The quarterly revision comes days after the central bank raised its cash rate by 25 basis points to 4.35%, snapping four months when it had stayed put. Overseas counterparts, such as in the US and the UK, may have already reached their peak rate but Australia’s improving overall economic prospects mean it might be too early to rule out further rate rises.

Australia’s gross domestic product expanded at an annual clip of 2.1% in the year to last June, or faster than the previous expectation of about 1.5% growth. Averaged over the year, GDP growth for 2022-23 was 3.3% compared with a previous estimate of 1%.

Similarly, for the calendar year 2023, GDP growth will average about 2%, higher than the 1.5% average pace forecast by the RBA three months ago. Each of the subsequent periods out to 2025 are also modestly higher and rule out a reversal of growth.

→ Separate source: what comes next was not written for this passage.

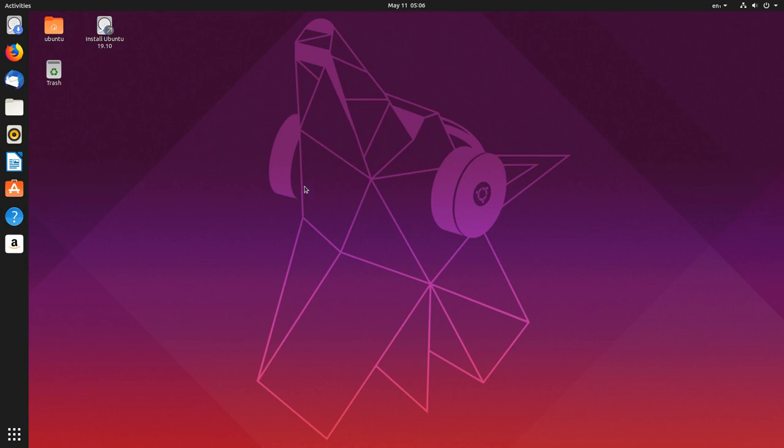Alright, real quick video. We're checking out the Ubuntu 19.10. What was that thing called? I forgot the name. Ermine or something? Emu? No, Earn Emu? Ermine? I don't know. Anyway, it'll be in the title.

To be sure, many households will feel as though they are in a recession, with overall growth in output not keeping up with population growth. Adjusted for inflation, household disposable income shrank 3% in the year to June.

The RBA forecast in August that real household income would almost keep up with price increases by December this year. Instead, the revised prediction has income still falling by 2% by then and won’t turn positive until the second half of next year when it will expand by 2.5%.

As noted on Tuesday, the RBA upped its forecast for near-term inflation for both the headline and the underlying rates. It now expects the consumer price index to come in at 4.5% for this quarter compared with an August forecast of 3.9%. Core inflation which strips out volatile items will end the year at 4.5% too, rather than 4.1%, it had expected.

Inflation will similarly be higher than expected at the end of 2024, although both measures are expected to subside to within the RBA’s preferred 2-3% range by the end of the following year.

Financial markets were little changed on the updates, implying traders did not see forecasts deviated from their own estimates. The dollar was hovering at about 63.6 US cents while shares were holding on to losses for the day of about 0.5%.

The relatively good news, though, is that employers are generally soaking up the swelling workforce, with hours being trimmed rather than staff.

“Because of the more resilient outlook for economic activity, the unemployment rate is now forecast to rise more gradually” than predicted three months ago. The jobless rate will edge higher from 3.6% in September to 4.25% by the end of next year and hover at that rate until at least the end of 2025.

Such a level was “well below the typical rate experienced over the past five decades”, the RBA said.

Wage increases, meanwhile, were showing little evidence of sparking a “price-wages spiral”. The RBA expects the wage price index will end the year at 4.0% and ease back to 3.7% by the end of 2024. Those forecasts in August were for 4.1% and for 3.8%, respectively.

The Fair Work Commission’s wage decision in June had flowed through as expected “but there is little sign that it has had larger spillovers than usual on the wages of other workers”, the RBA said.

The RBA cited risks that could throw off these forecasts.

Household consumption remains a “key source of uncertainty for the economic outlook”. While many households were in “a painful squeeze”, others were benefiting from rising house prices, substantial savings buffers and higher interest income because of higher interest rates.

House price increases, though, appear to be slowing but rent inflation “could be higher for longer than expected”, the RBA said.

Among overseas risks is the strength of the Chinese economy, with property developers there still under “extreme” financial pressure. The country accounts for about 30% of Australia’s trade.

“The Hamas-Israel conflict is adding uncertainty to the global economic outlook and poses an upside risk to inflation if it disrupts regional energy markets or trade,” it said.

The El Niño weather pattern and climate change, too, could “cause disruptions to agricultural production that increase food prices by more than expected”.